Wildfires have a little bit of warning, but often they're so localized. They're not necessarily regionalized. The people don't necessarily pay them a lot of attention unless they're in the specific town at which they are -- which the fire is threatening. But hurricanes can be very large, so they threaten a tremendously huge population and they come with warning.
And this is interesting because it helps to dig into the psychology of hurricanes. I'm fascinated by how we as humans, for whatever reason, seem to be so poorly practiced in planning ahead. Hurricane season, of which we who are here in Florida are in the middle of, and frankly all of us, especially on the eastern and southern coasts, hurricane season is not the time to get ready for hurricane seasons.
And yet, when do people get ready for hurricane seasons? Well, if the gas lines and the food lines and the bare grocery stores of last week are any indication, they get ready right when the storm is threatening. That's not the time to get ready. Unless you weren't ready before, but the better thing is to get ready long before.
But I do want to use some of the inspiration that I'm feeling and that many of you are feeling right now to focus on some very practical aspects of financial preparedness. This show is not a prepper or a survivalist show. Although I've had various preppers and survivalists on the show, and I think that it's worth considering the philosophy of the prepper shows as able to be integrated into financial planning.
Many people discard that kind of idea and say, "Well, just talk about the 401(k) allocation." I try to do that. I try to talk about these more advanced topics. But we need to spend more time on the very practical questions of life. I happen to notice an article in USA Today this last week, which the headline came out as this.
"Nearly 7 in 10 Americans have less than $1,000 in savings." Read that again. "Nearly 7 in 10 Americans have less than $1,000 in savings." Now, this data comes from a survey that Bankrate.com did and performed, and then they used this and published this. I have not seriously looked into their survey methodology, the sample size, how they selected the sample, what the questions were, things like that.
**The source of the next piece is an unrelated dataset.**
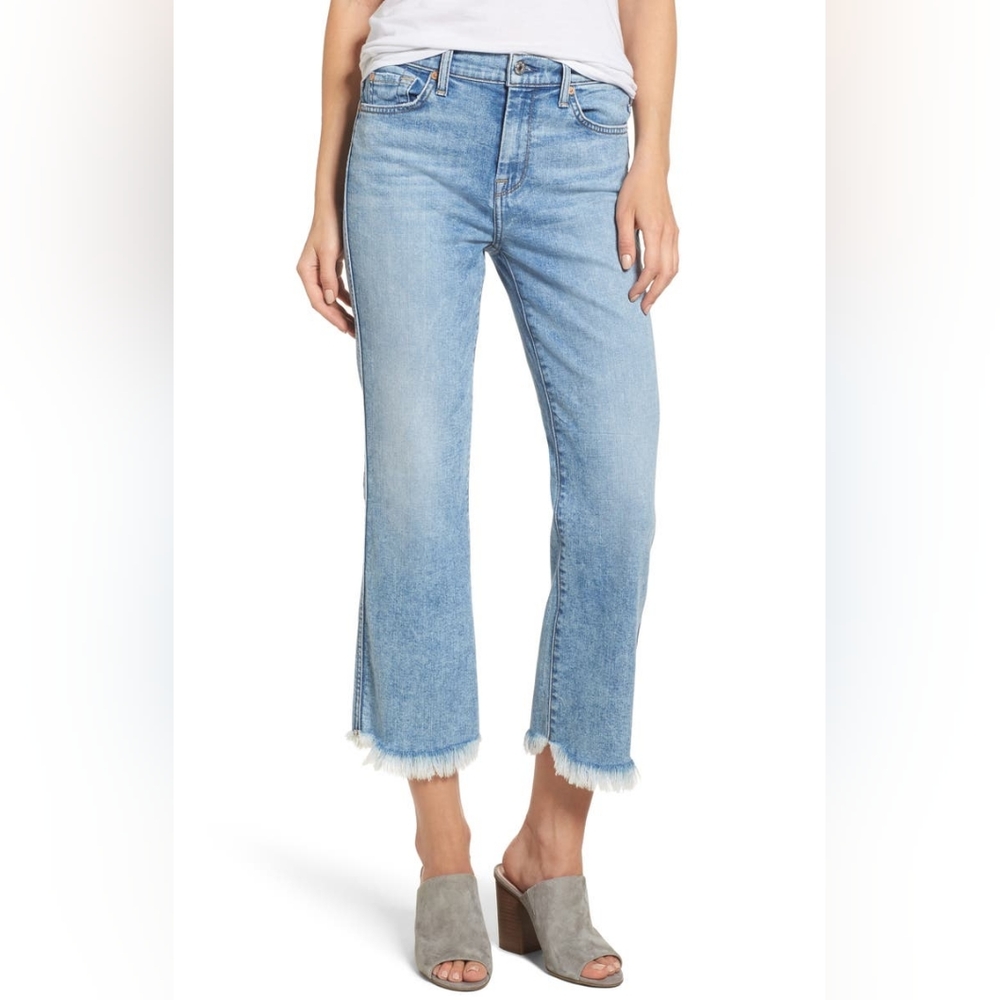 7 for all mankind cropped Ali new without tags size 26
And this data should be compared to the Federal Reserve data. But in order to get a more accurate depiction because I think that headline is significantly – it may be accurate with their survey data, but that would lead you to believe that 7 in 10 Americans – if you aren't specific with the language, it would lead you to believe that 7 in 10 Americans have less than $1,000.
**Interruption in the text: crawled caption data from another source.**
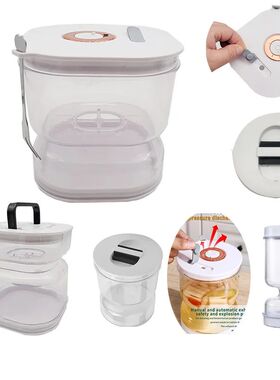 Kitchen Wet and Dry Separation Pickle Jar Dry and Wet Dispen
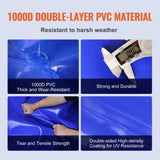 Portable Water Storage Bladder 87 Gal 1000D PVC Collapsible Water Tank V952-CSDLSPVCB330UZUZHV0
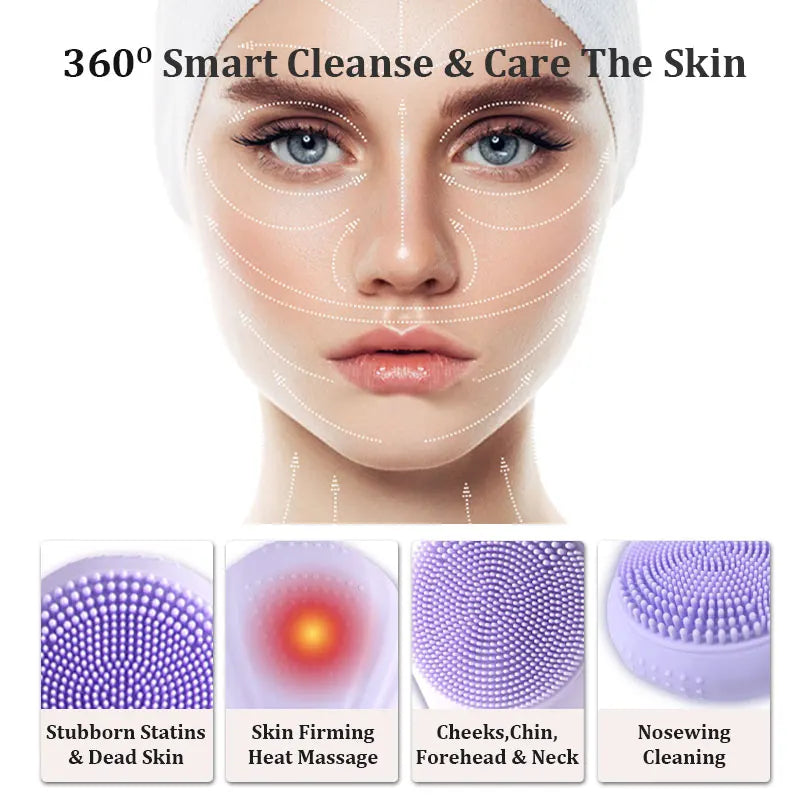 Sonic Rechargeable Waterproof Facial Cleansing Brush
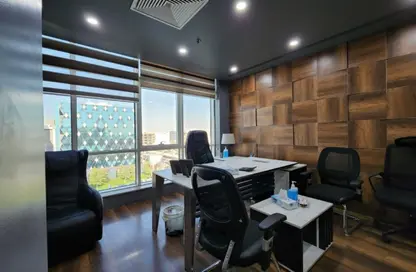 Office Space - Studio - 1 Bathroom for rent in V90 - North Teseen St. - The 5th Settlement - New Cairo City - Cairo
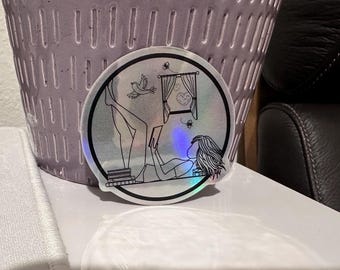 The Reader Holographic Sticker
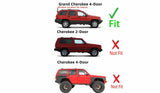 Heated Back Tailgate Window Back Glass Compatible with Jeep Grand Cherokee 1999-2004 Models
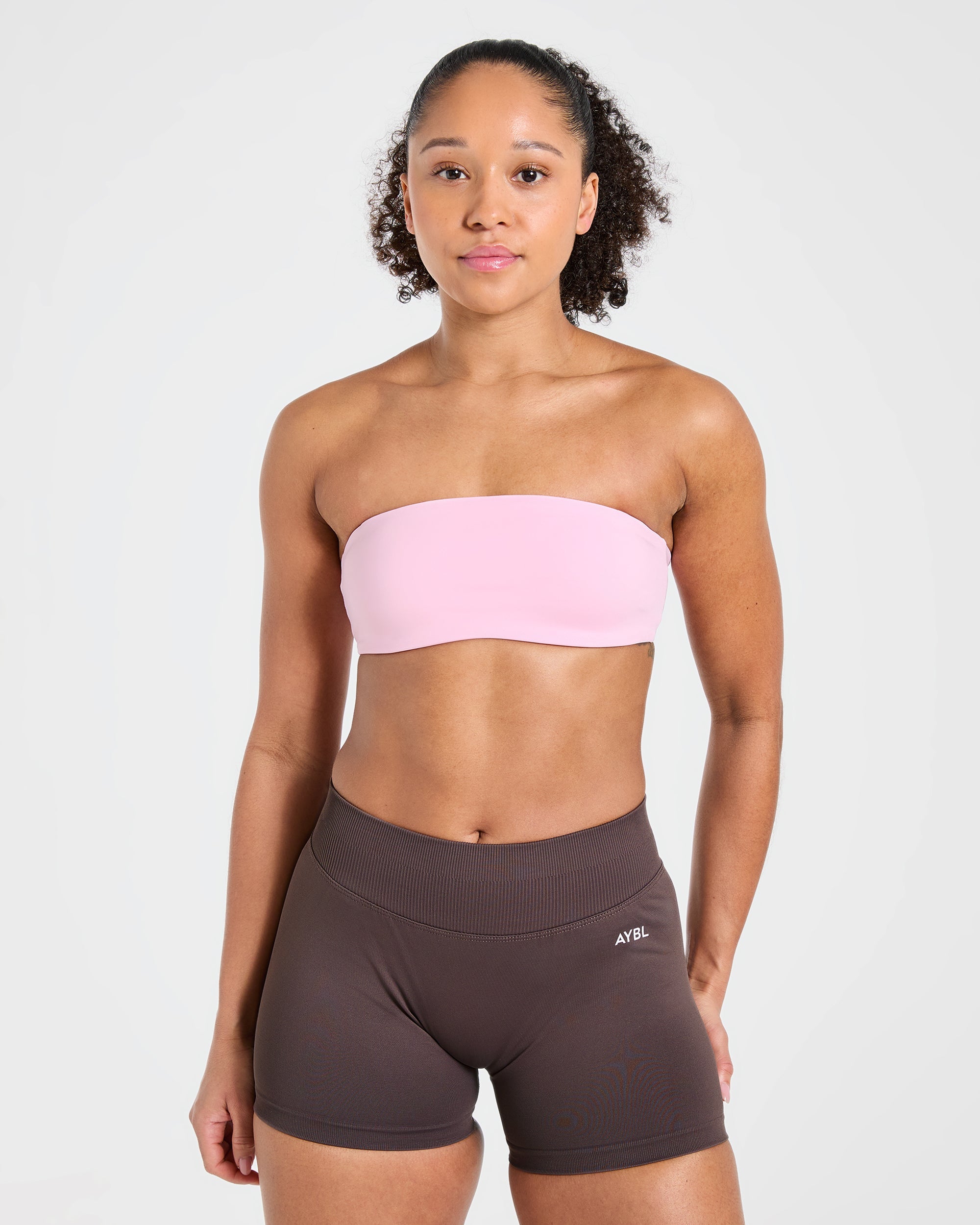 Essential Bandeau Sports Bra - Roze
But what it simply talks about is nearly 7 in 10 Americans have less than $1,000 in their savings account. So I didn't make the time to dig into it. I just want to use that headline as illustrative of the idea that while many of you are thinking about how do I allocate a million dollars in my 401(k) and while many of you are thinking about how do I manage these eight rental properties, the majority of US Americans, including many if not – I don't know the data on my audience, but many of you listening are not in that situation.
And we need to approach things a little bit differently because when you look at money, money should serve and work primarily for the basic needs. And there's no need so basic as food. There are three current events that I think will be helpful in giving you some motivation and that make me want to tackle this subject today.
One, I already mentioned, Hurricane Matthew. If any of you were affected by Hurricane Matthew this last week, you may have had the experience of going to a gas station and facing gas lines, long lines of people who are angry with you if you have many cans that are trying to fill up or you may have faced the experience of going to buy bottled water and there not being much or seeing at least empty shelves on the news if not personally.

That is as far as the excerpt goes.